| TASK GOAL |
Every line from the one with "Vinho Brasileiro Tinto Campanha SALTON 750ml" to the end of the entries, both included, is to be copied exactly; the other lines stay out.
== DATA SUPPLIED
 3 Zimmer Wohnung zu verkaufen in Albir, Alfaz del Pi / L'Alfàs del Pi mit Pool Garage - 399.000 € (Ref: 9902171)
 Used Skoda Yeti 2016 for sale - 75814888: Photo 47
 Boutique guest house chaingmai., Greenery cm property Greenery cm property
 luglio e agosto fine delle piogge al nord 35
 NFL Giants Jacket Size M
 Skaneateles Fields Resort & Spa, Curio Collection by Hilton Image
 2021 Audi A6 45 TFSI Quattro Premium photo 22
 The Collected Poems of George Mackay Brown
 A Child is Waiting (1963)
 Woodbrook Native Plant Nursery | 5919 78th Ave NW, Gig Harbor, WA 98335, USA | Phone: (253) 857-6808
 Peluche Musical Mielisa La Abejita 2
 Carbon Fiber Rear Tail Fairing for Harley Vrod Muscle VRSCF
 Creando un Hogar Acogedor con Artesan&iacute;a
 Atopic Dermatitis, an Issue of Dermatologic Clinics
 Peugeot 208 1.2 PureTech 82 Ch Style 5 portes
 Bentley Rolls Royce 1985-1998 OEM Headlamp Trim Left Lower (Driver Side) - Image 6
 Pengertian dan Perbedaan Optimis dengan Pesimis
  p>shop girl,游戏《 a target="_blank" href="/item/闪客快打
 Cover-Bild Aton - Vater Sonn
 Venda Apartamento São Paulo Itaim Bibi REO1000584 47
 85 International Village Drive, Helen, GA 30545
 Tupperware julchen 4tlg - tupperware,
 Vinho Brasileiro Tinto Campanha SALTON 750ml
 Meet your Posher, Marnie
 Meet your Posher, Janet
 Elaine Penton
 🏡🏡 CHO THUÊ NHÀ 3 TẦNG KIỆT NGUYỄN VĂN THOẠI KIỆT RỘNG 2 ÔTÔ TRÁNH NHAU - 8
====
| FINISHED TASK |
 Vinho Brasileiro Tinto Campanha SALTON 750ml
 Meet your Posher, Marnie
 Meet your Posher, Janet
 Elaine Penton
 🏡🏡 CHO THUÊ NHÀ 3 TẦNG KIỆT NGUYỄN VĂN THOẠI KIỆT RỘNG 2 ÔTÔ TRÁNH NHAU - 8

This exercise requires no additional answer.